Sempre nel 2021 il 68,9% dei nuovi contratti sono stati a tempo determinato e solo il 14,8% a tempo indeterminato; il lavoro atipico ha rappresentato l’83% delle nuove assunzioni con un incremento del 34% negli ultimi 12 anni. Tale modello di sviluppo occupazionale è diventato oramai strutturale e una flessibilità positiva, che conduce cioè alla stabilizzazione nell’arco di tre anni, riguarda una quota che oscilla tra il 35 e il 40%, al contrario una percentuale simile ha continuato a svolgere un’attività precaria, un 16/18% ha perso l’impiego ed è alla sua ricerca e un 17% nel 2021 si dichiara inattivo (era il 3% nel 2010).
I lavoratori che svolgono un’occupazione a tempo parziale non per loro scelta ha raggiunto l’11,3% e la tendenza diffusa nella maggior parte dei paesi è alla riduzione dell’orario, per cui come conseguenza la produzione per singola ora è ferma dal 2000.
Il lavoro povero
Un altro fenomeno italiano è la crescita del numero di famiglie a rischio di povertà pur in presenza di un’attività lavorativa, sia subordinata sia autonoma: tra il 2010 e il 2020 il tasso di incidenza di un lavoro “povero” è costantemente superiore all’11%, ben lontano da circa il 2% della media UE. L’8,7% degli occupati percepisce una retribuzione annua lorda inferiore a 10.000 euro e solo il 26% dichiara redditi superiori al 30.000: cifre molto basse se equiparate a quelle degli altri lavoratori europei. Ciò ha come conseguenze la difficolta ad affrontare spese improvvise o posticipare cure mediche.
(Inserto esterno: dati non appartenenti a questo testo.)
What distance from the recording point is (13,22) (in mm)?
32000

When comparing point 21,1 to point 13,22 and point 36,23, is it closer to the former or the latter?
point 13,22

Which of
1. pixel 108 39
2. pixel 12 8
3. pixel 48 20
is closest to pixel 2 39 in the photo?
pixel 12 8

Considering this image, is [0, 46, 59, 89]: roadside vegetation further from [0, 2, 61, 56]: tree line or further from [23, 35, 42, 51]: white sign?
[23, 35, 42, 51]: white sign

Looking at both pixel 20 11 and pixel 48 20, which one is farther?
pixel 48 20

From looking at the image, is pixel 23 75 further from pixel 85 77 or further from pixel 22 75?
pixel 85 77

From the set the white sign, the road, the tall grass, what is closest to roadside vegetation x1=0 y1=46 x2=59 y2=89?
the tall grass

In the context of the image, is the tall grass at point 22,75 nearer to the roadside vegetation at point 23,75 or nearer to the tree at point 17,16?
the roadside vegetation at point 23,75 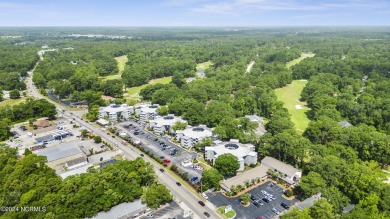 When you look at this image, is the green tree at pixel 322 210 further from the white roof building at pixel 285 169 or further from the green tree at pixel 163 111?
the green tree at pixel 163 111

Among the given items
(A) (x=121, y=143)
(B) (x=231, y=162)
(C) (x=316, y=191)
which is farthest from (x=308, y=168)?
(A) (x=121, y=143)

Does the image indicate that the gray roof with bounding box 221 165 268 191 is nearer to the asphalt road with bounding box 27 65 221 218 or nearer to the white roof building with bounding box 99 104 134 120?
the asphalt road with bounding box 27 65 221 218

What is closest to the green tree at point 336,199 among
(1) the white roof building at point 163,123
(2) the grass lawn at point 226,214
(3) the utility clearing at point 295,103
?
(2) the grass lawn at point 226,214

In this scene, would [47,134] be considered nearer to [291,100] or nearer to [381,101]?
[291,100]

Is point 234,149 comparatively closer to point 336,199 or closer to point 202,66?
point 336,199

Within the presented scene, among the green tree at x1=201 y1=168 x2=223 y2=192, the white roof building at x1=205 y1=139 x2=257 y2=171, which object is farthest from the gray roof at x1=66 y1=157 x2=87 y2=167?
the green tree at x1=201 y1=168 x2=223 y2=192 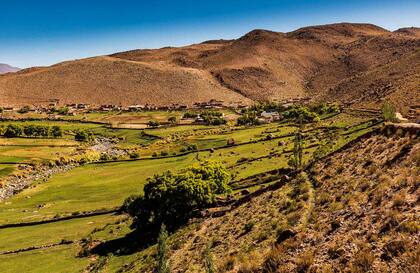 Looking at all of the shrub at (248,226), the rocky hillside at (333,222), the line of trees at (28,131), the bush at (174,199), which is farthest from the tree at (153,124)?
the shrub at (248,226)

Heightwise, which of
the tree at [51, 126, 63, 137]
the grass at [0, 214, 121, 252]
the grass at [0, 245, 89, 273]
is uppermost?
the tree at [51, 126, 63, 137]

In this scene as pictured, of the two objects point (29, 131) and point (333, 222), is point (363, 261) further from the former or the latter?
point (29, 131)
In generale l’Italia è l’unico paese OCSE ad aver registrato un calo dei salari del 2,9% negli ultimi 30 anni e addirittura dell’8,3% dal 2010 al 2020, rispetto a una media degli altri superiore al 38%. Nello stesso periodo la produttività è salita del 21,9%, per cui non ha funzionato il meccanismo di aggancio dei salari alla performance del lavoro.
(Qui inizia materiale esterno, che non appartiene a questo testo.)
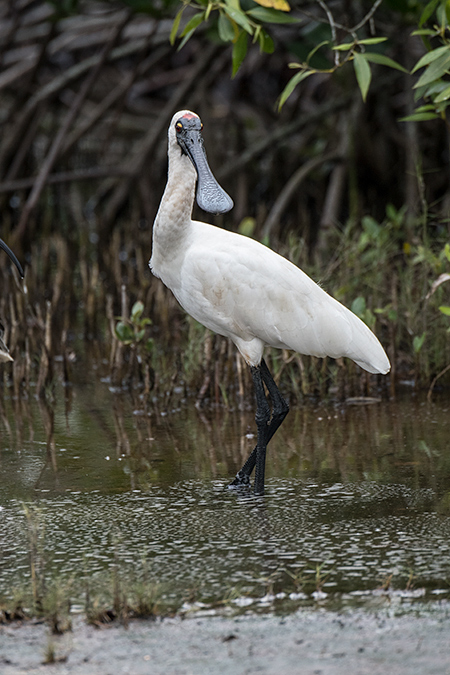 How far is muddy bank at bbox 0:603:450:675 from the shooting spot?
2.59 metres

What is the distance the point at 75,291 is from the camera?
29.4 feet

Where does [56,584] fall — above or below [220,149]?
below

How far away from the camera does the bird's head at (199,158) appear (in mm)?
4398

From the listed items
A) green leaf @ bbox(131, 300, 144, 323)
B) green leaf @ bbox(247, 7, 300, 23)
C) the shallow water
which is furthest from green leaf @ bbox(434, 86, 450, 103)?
green leaf @ bbox(131, 300, 144, 323)

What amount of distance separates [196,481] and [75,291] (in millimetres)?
4961

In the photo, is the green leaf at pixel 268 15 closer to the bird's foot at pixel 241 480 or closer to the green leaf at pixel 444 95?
the green leaf at pixel 444 95

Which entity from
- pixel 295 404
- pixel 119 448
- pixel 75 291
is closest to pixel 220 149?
pixel 75 291

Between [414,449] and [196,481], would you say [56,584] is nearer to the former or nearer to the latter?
[196,481]

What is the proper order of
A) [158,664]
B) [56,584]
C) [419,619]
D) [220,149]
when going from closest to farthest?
[158,664] → [419,619] → [56,584] → [220,149]

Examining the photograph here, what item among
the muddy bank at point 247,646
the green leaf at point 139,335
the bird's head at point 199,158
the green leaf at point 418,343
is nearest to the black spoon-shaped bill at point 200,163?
the bird's head at point 199,158

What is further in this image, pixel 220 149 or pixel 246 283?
pixel 220 149

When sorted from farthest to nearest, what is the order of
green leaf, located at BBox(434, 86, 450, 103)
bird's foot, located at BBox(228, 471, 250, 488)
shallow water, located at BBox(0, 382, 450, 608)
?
green leaf, located at BBox(434, 86, 450, 103)
bird's foot, located at BBox(228, 471, 250, 488)
shallow water, located at BBox(0, 382, 450, 608)

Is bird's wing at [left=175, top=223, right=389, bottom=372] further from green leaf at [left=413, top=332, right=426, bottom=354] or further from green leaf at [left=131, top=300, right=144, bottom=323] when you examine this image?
green leaf at [left=413, top=332, right=426, bottom=354]

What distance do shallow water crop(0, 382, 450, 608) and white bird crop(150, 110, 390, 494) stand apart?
Answer: 13.5 inches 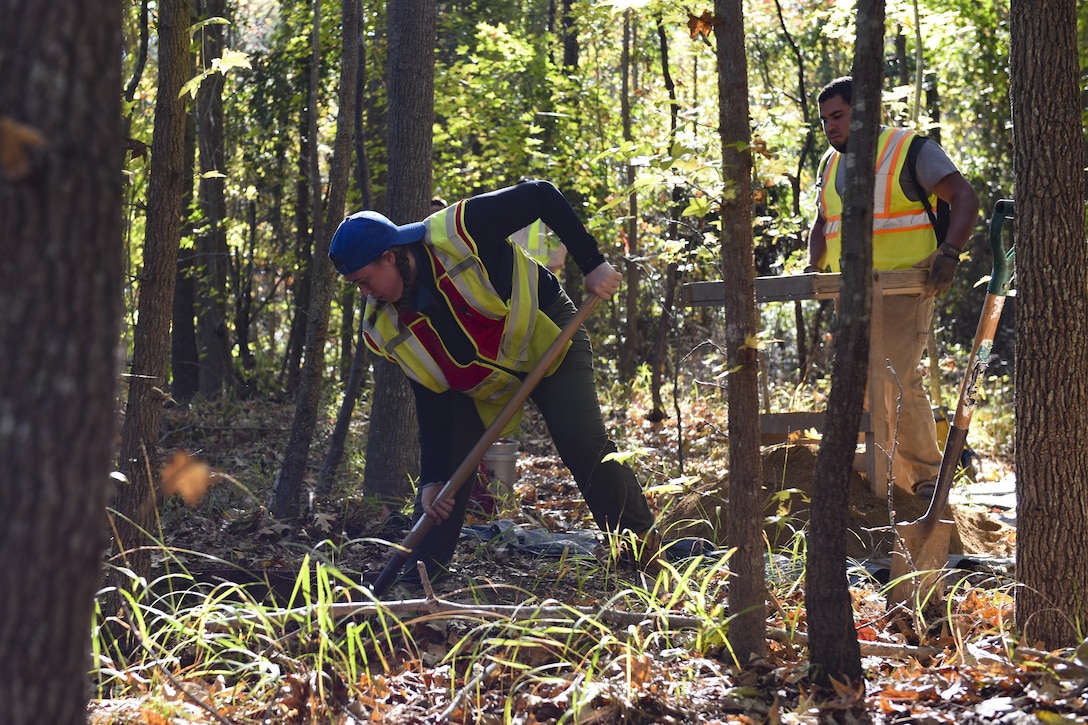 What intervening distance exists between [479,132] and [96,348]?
884cm

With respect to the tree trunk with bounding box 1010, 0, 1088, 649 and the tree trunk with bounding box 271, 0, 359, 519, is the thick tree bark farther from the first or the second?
the tree trunk with bounding box 271, 0, 359, 519

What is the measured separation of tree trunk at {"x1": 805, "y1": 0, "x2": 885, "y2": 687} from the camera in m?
2.94

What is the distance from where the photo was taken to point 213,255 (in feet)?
35.3

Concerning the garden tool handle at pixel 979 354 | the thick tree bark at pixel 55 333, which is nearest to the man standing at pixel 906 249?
the garden tool handle at pixel 979 354

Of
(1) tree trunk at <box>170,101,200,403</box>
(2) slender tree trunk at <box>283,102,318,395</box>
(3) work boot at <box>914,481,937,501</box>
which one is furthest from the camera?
(2) slender tree trunk at <box>283,102,318,395</box>

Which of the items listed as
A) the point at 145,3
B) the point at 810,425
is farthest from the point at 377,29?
the point at 810,425

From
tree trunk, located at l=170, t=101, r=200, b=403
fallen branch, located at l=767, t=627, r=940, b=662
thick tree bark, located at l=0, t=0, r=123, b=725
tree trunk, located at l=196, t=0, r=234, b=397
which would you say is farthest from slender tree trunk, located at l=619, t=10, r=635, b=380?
thick tree bark, located at l=0, t=0, r=123, b=725

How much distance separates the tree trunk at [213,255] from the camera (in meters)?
10.8

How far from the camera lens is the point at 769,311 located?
15633 mm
A peggiorare il quadro si assiste alla forte ripresa dell’inflazione che erode il potere d’acquisto delle famiglie, riproponendo il problema dei meccanismi adeguati a contrastare il fenomeno.
Le cause della dinamica salariale in calo sono molte, una è legata alle modalità di negoziazione degli stipendi. Pochissime sono le imprese che applicano i due livelli di contrattazione, quello nazionale e quello aziendale, solo il 4%; si è inoltre ridotto il numeri di quelle che dichiarano di applicare un contratto nazionale (-10%) ed è raddoppiata la quota di imprese che non applicano alcun contratto: dal 9% del 2011 al 20% del 2018.
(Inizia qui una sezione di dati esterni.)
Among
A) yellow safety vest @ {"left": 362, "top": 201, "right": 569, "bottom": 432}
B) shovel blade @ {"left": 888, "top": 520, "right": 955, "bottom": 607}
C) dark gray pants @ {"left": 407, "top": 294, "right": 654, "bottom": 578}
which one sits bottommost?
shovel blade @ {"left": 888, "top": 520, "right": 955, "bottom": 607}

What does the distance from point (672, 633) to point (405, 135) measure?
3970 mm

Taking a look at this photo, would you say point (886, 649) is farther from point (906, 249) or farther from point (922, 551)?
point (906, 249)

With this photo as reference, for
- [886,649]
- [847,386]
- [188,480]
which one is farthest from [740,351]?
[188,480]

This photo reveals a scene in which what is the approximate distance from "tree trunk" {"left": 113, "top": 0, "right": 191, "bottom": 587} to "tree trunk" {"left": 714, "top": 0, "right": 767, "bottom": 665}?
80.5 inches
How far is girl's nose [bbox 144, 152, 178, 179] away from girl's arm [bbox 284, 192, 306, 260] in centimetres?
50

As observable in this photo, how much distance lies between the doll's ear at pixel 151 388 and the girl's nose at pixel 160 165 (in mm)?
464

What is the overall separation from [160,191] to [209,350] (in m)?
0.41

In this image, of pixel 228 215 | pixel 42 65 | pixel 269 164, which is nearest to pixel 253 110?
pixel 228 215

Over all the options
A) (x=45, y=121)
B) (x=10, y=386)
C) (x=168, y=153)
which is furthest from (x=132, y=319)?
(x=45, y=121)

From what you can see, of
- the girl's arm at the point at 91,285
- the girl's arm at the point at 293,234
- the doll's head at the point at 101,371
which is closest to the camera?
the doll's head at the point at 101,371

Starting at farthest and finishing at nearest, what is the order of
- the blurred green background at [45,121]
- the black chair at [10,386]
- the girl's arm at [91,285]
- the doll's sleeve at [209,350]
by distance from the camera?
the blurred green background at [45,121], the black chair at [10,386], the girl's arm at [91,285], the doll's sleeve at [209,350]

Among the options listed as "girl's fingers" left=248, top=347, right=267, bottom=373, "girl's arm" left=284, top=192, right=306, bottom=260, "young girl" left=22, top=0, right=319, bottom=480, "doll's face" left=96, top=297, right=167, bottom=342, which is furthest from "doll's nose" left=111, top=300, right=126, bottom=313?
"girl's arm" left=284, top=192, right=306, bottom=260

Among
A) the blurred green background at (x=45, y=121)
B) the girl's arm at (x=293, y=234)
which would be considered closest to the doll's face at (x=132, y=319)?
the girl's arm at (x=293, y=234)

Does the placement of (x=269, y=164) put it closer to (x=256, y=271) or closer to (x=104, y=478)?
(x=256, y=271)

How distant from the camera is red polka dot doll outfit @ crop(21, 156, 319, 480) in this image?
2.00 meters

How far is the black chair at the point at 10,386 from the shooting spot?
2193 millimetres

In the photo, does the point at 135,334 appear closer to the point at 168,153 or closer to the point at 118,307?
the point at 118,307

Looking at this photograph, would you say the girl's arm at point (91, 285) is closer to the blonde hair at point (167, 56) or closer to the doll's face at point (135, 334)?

Il fabbisogno di professioni e competenze
Il Rapporto pone in risalto un ulteriore aspetto. Solo il 22,8% delle imprese italiane nel 2021 ha segnalato la necessità di un adeguamento delle conoscenze e delle competenze delle figure professionali, erano un terzo nel 2017, e ciò riguarda soprattutto le realtà produttive medie e grandi.
Le professioni tecniche ad alta qualificazione sono quelle nelle quali emerge una maggiore esigenza di aggiornamento legato ai processi di innovazione.
I ritardi nella sostenibilità delle imprese
Il nostro sistema produttivo ha difficoltà ed è in ritardo nello sviluppo di processi connessi con la sostenibilità: tra il 2018 e il 2020 ciò ha riguardato solo l’8,6% delle aziende, in particolare di medie e grandi dimensioni. Gli interventi hanno riguardato il miglioramento della gestione dei rifiuti (25%), l’efficienza e il risparmio energetico (14,2%) e la riduzione dell’inquinamento ambientale (12,4%). Altri terreni di innovazione sono stati sui temi dell’organizzazione del lavoro (35%) e della competitività (10,2%), anche in risposta alle problematiche sollevate dalla pandemia.
Questi i principali contenuti del Rapporto INAPP 2022, che propone anche approfondimenti sui temi della formazione, del welfare, delle politiche attive e passive e delle condizioni degli immigrati.